29 Vectors
Until now, our encounter with functions has been via formulas relating inputs to an output. Now we turn to a different way of representing functions: columns of numbers that we call vectors. The mathematical notation for the name of a vector shows the name surmounted with an arrow, for instance, \(\vec{u}\).
The columns-of-numbers framework is central to technical work in many fields. For instance, an algorithm in this framework was the spark that ignited the modern era of search engines. The name given to it by mathematicians is linear algebra, although only the word “linear” conveys helpful information about the subject. (The physicists who developed the first workable quantum theory called it matrix mechanics. A matrix is a collection of vectors.)
Although the words “algebra” and “quantum” may suggest that conceptual difficulties are in store, human intuition is well suited to establishing an understanding. In this book, we use two intuitive formats to introduce linear algebra: (1) geometric and visual and (2) simple arithmetic.
29.1 Length & direction
A vector is a mathematical idea deeply rooted in everyday physical experience. Geometrically, a vector is simply an object consisting only of length and direction.

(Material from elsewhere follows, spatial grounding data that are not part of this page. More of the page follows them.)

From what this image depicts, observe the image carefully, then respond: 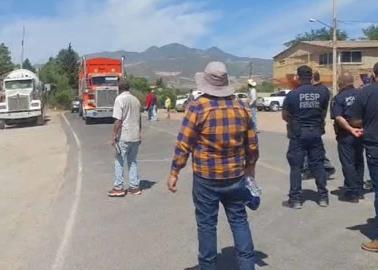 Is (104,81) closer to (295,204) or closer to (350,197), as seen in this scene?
(350,197)

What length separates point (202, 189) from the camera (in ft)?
17.7

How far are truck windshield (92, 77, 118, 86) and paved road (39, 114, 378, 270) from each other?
24.4m

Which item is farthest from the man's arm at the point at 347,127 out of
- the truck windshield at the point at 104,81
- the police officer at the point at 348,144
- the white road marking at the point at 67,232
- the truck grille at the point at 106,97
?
the truck windshield at the point at 104,81

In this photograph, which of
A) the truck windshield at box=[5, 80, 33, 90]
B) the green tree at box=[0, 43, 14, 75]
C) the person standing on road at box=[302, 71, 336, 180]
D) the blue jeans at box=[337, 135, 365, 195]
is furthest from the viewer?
the green tree at box=[0, 43, 14, 75]

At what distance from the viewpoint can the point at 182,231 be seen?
7668 mm

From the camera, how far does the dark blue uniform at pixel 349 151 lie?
893 centimetres

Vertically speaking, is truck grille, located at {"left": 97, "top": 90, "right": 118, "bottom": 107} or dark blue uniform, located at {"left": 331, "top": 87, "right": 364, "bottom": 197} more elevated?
truck grille, located at {"left": 97, "top": 90, "right": 118, "bottom": 107}

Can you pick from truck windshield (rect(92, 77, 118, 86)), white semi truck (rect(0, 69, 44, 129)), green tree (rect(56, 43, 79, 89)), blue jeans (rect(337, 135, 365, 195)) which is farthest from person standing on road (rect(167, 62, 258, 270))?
green tree (rect(56, 43, 79, 89))

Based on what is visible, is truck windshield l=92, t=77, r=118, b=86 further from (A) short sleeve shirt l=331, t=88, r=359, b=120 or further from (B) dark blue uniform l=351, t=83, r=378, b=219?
(B) dark blue uniform l=351, t=83, r=378, b=219

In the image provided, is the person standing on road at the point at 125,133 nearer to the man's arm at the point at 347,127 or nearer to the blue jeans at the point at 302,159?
the blue jeans at the point at 302,159

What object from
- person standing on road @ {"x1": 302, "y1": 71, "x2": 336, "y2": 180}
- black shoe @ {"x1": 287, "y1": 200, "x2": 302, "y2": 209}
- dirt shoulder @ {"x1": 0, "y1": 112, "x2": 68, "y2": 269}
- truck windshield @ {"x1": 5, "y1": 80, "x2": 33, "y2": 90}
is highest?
truck windshield @ {"x1": 5, "y1": 80, "x2": 33, "y2": 90}

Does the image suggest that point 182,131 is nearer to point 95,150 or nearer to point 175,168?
point 175,168

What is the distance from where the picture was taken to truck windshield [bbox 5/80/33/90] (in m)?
37.6

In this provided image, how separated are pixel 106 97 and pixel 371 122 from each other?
29.4m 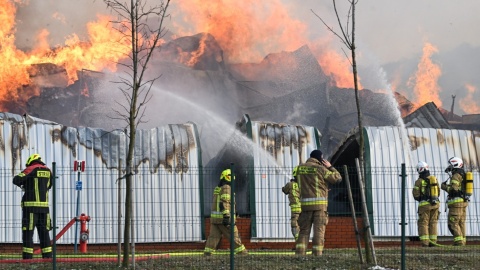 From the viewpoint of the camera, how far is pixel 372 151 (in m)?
22.6

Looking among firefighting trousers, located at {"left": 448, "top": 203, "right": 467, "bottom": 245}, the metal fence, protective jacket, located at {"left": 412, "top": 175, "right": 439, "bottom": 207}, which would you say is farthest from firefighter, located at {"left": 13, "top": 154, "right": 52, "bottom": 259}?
firefighting trousers, located at {"left": 448, "top": 203, "right": 467, "bottom": 245}

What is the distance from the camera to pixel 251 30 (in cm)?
3994

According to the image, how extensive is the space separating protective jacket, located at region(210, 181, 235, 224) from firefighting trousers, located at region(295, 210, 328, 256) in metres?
1.73

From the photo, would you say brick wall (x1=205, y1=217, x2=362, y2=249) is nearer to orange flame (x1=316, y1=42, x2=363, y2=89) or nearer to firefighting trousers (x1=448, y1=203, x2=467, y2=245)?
firefighting trousers (x1=448, y1=203, x2=467, y2=245)

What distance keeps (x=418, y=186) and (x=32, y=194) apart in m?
8.18

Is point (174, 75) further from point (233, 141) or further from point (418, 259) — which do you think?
point (418, 259)

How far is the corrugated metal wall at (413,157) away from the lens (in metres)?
21.6

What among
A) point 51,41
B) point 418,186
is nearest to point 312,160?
point 418,186

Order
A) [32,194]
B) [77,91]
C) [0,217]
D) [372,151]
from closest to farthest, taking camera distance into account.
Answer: [32,194]
[0,217]
[372,151]
[77,91]

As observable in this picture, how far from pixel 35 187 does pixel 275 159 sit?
25.8 feet

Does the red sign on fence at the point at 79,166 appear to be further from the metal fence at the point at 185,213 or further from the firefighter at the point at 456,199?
the firefighter at the point at 456,199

A pencil is a physical metaphor for a vector, but a pencil has other non-vector qualities such as diameter, color, and an eraser. And, being a physical object, a pencil has a position in space.

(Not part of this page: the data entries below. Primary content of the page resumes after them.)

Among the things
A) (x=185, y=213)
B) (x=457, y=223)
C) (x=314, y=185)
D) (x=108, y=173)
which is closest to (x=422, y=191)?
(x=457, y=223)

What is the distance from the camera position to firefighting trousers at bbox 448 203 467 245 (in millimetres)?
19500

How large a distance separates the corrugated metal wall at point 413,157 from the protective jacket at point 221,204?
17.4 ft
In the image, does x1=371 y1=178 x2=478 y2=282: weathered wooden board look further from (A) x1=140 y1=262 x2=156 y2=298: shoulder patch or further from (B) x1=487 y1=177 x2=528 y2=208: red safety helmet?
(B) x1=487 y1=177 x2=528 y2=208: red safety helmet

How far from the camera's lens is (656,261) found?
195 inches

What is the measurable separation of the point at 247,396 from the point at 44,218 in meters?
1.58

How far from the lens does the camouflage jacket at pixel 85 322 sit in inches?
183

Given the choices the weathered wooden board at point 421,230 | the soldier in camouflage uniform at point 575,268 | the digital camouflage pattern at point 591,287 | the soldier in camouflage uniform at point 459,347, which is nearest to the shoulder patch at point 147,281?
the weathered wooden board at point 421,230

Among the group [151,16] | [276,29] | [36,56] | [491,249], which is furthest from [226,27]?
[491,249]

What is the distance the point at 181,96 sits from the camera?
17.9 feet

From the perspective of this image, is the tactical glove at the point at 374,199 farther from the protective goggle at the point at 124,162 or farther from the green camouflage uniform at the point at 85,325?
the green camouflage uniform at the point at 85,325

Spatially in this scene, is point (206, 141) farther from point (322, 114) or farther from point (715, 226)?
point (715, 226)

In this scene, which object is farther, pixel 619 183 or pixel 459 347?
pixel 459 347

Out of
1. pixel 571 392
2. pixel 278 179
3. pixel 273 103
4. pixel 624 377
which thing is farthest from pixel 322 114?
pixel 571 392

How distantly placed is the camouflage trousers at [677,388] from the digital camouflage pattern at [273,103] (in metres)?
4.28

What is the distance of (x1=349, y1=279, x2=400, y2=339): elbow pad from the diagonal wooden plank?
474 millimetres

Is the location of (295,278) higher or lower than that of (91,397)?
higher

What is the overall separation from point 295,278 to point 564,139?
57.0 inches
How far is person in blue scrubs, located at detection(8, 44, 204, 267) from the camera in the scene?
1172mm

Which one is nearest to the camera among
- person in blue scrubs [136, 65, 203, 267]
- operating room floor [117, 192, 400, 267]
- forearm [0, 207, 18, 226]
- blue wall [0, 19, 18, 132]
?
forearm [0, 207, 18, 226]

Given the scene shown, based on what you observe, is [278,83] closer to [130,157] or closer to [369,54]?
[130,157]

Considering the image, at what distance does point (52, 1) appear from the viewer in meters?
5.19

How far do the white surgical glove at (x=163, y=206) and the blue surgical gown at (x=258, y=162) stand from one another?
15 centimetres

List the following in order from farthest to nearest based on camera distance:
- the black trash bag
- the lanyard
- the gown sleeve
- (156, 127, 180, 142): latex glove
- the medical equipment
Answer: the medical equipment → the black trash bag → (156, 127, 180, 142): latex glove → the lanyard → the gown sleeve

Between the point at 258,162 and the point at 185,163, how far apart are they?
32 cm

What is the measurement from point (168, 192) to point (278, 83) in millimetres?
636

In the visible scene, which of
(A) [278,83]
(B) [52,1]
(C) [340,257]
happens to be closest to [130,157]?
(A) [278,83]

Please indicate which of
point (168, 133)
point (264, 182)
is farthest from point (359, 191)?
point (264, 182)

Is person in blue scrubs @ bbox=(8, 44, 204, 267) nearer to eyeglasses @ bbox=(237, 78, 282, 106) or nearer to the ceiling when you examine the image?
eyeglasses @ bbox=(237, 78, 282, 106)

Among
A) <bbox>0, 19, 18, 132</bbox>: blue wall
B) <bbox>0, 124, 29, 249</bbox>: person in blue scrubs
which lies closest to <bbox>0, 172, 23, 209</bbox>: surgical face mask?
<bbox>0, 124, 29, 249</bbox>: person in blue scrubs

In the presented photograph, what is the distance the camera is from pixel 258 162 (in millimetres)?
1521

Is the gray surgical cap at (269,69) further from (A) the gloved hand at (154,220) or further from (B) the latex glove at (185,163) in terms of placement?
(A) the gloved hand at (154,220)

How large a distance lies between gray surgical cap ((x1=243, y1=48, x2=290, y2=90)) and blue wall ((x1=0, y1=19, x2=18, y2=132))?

A line segment has an orientation but no forward or backward direction. In contrast, a vector has a unique direction: like an arrow, one end is the tip and the other the tail. In the pencil metaphor, the writing end is the tip; the eraser is the tail.

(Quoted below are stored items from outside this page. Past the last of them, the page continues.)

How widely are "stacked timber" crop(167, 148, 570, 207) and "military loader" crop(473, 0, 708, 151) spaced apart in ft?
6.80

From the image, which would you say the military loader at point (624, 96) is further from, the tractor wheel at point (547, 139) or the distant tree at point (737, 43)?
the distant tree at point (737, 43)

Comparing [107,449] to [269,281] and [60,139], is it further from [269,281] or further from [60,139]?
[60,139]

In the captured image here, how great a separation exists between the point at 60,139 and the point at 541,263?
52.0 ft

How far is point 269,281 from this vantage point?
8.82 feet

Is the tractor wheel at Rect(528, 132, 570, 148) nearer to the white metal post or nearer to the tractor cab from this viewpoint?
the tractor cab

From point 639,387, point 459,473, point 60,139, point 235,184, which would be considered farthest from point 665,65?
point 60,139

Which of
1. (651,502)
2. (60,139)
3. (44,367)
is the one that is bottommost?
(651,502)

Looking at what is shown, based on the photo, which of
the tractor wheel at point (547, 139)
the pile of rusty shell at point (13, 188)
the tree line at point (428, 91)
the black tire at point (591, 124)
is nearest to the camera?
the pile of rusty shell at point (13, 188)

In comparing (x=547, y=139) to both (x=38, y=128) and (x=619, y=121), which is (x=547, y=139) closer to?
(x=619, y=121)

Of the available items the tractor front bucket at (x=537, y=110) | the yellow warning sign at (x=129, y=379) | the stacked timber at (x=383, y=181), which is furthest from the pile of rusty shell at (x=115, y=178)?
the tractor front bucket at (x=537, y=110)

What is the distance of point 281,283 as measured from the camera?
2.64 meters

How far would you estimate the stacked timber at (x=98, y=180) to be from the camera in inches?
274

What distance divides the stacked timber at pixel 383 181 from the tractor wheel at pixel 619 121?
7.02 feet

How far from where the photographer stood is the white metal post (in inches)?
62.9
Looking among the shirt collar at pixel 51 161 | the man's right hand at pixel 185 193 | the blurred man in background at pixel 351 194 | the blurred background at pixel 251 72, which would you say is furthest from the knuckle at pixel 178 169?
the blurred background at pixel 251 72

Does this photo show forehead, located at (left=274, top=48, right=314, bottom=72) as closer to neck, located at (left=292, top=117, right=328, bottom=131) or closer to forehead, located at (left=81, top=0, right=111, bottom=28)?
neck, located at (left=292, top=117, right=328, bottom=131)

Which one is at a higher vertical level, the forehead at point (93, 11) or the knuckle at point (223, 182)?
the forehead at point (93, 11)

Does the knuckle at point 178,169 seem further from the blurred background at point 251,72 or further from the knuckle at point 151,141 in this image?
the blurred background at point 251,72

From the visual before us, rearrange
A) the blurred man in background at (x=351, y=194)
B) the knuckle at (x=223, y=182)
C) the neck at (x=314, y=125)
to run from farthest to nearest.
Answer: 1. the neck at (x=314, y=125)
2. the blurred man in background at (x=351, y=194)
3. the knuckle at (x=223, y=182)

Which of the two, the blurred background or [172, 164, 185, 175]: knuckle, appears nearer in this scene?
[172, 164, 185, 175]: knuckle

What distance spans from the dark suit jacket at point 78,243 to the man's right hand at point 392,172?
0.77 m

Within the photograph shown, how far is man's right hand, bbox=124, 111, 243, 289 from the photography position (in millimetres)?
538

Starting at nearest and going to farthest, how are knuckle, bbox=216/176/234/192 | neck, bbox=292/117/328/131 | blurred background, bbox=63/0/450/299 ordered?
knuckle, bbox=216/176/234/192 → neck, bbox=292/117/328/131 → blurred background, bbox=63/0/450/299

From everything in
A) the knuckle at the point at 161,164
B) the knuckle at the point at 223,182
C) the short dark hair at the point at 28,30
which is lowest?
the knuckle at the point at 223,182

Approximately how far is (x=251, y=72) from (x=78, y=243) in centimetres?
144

Vectors are always embedded in a vector space. Our physical stand-ins for vectors, the pencils, were photographed on a tabletop: a two-dimensional space. Naturally, pencils are embedded in everyday three-dimensional space. (The tabletop is a kind of two-dimensional subspace of three-dimensional space.)
Vectors embedded in three-dimensional space are central to physics and engineering. Quantities such as force, acceleration, and velocity are not simple numerical quantities but vectors with magnitude (that is, length) and direction. For instance, the statement, “The plane’s velocity is 450 miles per hour to the north-north-west,” is perfectly intelligible to most people, describing magnitude and direction. Note that the plane’s velocity vector does not specify the plane’s location; vectors have only the two qualities of magnitude and direction.
The gradients that we studied with partial differentiation (Chapter 25) are vectors. A gradient’s direction points directly uphill; its magnitude tells how steep the hill is.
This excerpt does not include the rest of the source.